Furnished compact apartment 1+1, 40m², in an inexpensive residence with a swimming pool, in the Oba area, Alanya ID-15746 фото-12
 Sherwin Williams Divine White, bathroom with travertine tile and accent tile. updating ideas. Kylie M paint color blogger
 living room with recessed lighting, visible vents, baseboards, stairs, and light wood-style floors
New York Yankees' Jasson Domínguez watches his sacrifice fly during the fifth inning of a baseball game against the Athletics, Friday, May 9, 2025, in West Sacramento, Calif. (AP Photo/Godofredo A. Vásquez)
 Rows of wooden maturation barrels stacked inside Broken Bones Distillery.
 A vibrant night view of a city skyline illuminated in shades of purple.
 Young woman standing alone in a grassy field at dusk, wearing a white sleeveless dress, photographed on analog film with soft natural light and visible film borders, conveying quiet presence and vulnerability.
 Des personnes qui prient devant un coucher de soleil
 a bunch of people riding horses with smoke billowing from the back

────

Quote the data in full, keeping each word unchanged.

■ Exercise response
Furnished compact apartment 1+1, 40m², in an inexpensive residence with a swimming pool, in the Oba area, Alanya ID-15746 фото-12
 Sherwin Williams Divine White, bathroom with travertine tile and accent tile. updating ideas. Kylie M paint color blogger
 living room with recessed lighting, visible vents, baseboards, stairs, and light wood-style floors
New York Yankees' Jasson Domínguez watches his sacrifice fly during the fifth inning of a baseball game against the Athletics, Friday, May 9, 2025, in West Sacramento, Calif. (AP Photo/Godofredo A. Vásquez)
 Rows of wooden maturation barrels stacked inside Broken Bones Distillery.
 A vibrant night view of a city skyline illuminated in shades of purple.
 Young woman standing alone in a grassy field at dusk, wearing a white sleeveless dress, photographed on analog film with soft natural light and visible film borders, conveying quiet presence and vulnerability.
 Des personnes qui prient devant un coucher de soleil
 a bunch of people riding horses with smoke billowing from the back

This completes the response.